Acilia, controllo dei Carabinieri ai domiciliari: trovati revolver rubato, Rolex e un presunto “kit” per rapine
ROMA – Un revolver Colt calibro 38 Special risultato rubato, munizioni, una maschera, indumenti scuri, guanti, chiavi alterate e grimaldelli, oltre a tre orologi Rolex di provenienza ancora da accertare. È quanto hanno rinvenuto i Carabinieri della Stazione di Roma Acilia nell’abitazione di un 58enne romano, già sottoposto agli arresti domiciliari, arrestato perché gravemente indiziato del reato di detenzione illegale di armi e munizioni.
La scoperta è avvenuta , nel quartiere di Acilia, durante un controllo di routine finalizzato a verificare il rispetto delle prescrizioni imposte dall’Autorità giudiziaria.
Nel corso dell’ispezione dell’abitazione, i militari hanno rinvenuto quello che viene descritto come un vero e proprio “kit” potenzialmente utilizzabile per la commissione di reati contro il patrimonio.

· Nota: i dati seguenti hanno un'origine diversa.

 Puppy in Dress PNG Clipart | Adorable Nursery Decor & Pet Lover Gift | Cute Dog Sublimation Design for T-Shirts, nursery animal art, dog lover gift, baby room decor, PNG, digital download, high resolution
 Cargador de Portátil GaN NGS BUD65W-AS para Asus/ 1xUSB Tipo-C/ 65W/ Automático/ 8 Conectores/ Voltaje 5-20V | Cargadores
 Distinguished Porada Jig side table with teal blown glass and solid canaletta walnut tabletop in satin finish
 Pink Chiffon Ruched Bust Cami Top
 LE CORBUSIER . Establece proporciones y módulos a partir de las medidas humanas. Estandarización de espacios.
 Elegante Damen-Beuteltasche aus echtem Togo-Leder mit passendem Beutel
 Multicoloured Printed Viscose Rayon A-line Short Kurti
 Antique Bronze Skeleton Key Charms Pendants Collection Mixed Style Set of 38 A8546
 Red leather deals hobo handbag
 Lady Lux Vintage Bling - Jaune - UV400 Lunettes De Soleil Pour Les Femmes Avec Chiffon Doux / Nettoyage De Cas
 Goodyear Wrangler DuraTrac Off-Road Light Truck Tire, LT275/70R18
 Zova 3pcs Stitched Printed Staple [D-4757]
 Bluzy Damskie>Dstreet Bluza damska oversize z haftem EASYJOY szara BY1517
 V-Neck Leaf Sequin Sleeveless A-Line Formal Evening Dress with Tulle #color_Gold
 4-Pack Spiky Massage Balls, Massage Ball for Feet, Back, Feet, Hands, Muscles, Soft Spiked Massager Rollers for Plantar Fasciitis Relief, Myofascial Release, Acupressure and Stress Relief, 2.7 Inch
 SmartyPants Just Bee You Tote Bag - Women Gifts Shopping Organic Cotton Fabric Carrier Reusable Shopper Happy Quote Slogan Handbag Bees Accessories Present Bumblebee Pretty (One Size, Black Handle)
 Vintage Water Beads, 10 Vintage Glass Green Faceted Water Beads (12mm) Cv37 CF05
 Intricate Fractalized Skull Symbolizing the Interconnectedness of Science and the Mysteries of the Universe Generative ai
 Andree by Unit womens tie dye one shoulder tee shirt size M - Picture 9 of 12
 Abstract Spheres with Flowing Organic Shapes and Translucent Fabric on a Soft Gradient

In particolare, i Carabinieri hanno sequestrato una pistola revolver Colt calibro 38 Special risultata rubata, con quattro cartucce dello stesso calibro, oltre ad altre 47 munizioni calibro 22.
All’interno dell’abitazione sono stati trovati anche una maschera di plastica e uno zaino che conteneva indumenti scuri e guanti in lattice neri, insieme a numerose chiavi alterate e grimaldelli.
L’attenzione degli investigatori si è concentrata inoltre su tre orologi Rolex rinvenuti durante il controllo. Sono in corso ulteriori accertamenti per stabilirne l’esatta provenienza.
Il controllo ha consentito di recuperare anche mezzo grammo di cocaina, un bilancino di precisione e due involucri dotati di calamita che, secondo quanto ipotizzato dagli investigatori, potrebbero essere stati utilizzati per occultare sostanze stupefacenti.
Tutto il materiale rinvenuto è stato posto sotto sequestro.
Alla luce di quanto emerso, per il 58enne sono scattate le manette. L’uomo è stato successivamente accompagnato presso le aule giudiziarie di piazzale Clodio per il rito direttissimo.
Il procedimento si trova nella fase delle indagini preliminari e, pertanto, l’indagato deve essere considerato innocente fino a un’eventuale sentenza definitiva di condanna.